For one little girl, pharmacy inventory management meant the difference between life and death. Sadly, mismanaged medications and pharmacy stock ultimately claimed the life of toddler Emily Jerry at age 2. (“Our Emily was killed by an overdose of sodium chloride in her chemotherapy IV bag,” Emily’s father writes on the Emily Jerry Foundation website.)
Preventing tragedies like this one starts with reliable pharmacy POS software. Many do not realize that point of sale software also helps — accurately and precisely — track inventory. This is especially important for pharmacies, who need to provide consumers and patrons with exact dosages, prescriptions, and refills.
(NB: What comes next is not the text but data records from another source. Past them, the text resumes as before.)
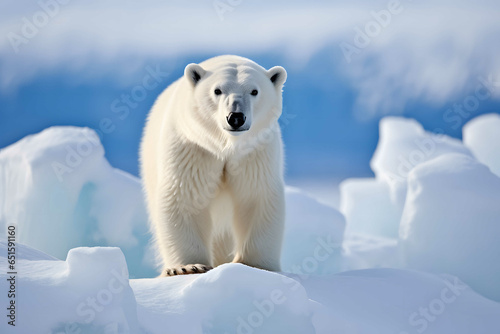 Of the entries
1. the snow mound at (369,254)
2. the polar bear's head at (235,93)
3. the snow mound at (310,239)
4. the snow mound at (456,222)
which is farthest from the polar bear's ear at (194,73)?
the snow mound at (369,254)

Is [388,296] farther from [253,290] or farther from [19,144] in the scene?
→ [19,144]

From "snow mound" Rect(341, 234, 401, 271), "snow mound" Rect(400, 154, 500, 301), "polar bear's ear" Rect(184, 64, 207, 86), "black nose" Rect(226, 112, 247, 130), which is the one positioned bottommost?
"snow mound" Rect(341, 234, 401, 271)

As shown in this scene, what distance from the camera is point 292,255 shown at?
6.45m

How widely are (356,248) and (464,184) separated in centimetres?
250

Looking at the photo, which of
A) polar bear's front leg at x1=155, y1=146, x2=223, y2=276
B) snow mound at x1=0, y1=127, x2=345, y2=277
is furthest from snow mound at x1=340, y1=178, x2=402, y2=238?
polar bear's front leg at x1=155, y1=146, x2=223, y2=276

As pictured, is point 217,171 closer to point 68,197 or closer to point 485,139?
point 68,197

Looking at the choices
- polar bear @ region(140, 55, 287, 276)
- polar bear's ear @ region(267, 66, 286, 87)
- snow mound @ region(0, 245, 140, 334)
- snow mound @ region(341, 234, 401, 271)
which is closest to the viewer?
snow mound @ region(0, 245, 140, 334)

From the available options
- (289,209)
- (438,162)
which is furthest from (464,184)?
(289,209)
What Pharmacies Can Learn From Emily’s Story
Emily’s untimely death resulted from a series of errors. First, the hospital’s electronic system failed. Second, a pharmacy technician prepared a bag of sodium chloride instead of using a provided, prepackaged bag with the proper dosage. The toddler’s death was preventable. A reliable pharmacy point of sale software, coupled with greater training and licensing stipulations for pharmacy technicians in Ohio, may have saved Emily’s young life.
The Emily Jerry Foundation recommends two preventative steps:
- Up-To-Date Pharmacy POS Software
Current pharmacy POS systems can save lives. Point of sale systems help track inventory, offering another point of reference to check against EHRs and counts by hand. Healthcare IT News recommends “real-time visibility into pharmacy inventory, so essential drugs and solutions can be monitored continuously” and systems that “check the composition of a medication.”
- Better-Trained Pharmacy Technicians
The organization released The Emily Jerry Foundation’s National Pharmacy Technician Initiative and Scorecard. The scorecard helps patients rate states’ education, training, and licensing requirements for pharmacy technicians. The Foundation also provides letter templates for those in states with less than satisfactory regulations.
Emily Jerry’s death was tragic, and preventable. Don’t let your pharmacy be the next to take lives unnecessarily. Always make sure software is accurate and up-to-date and ask your state to reconsider important training and educational programs for pharmacy technicians.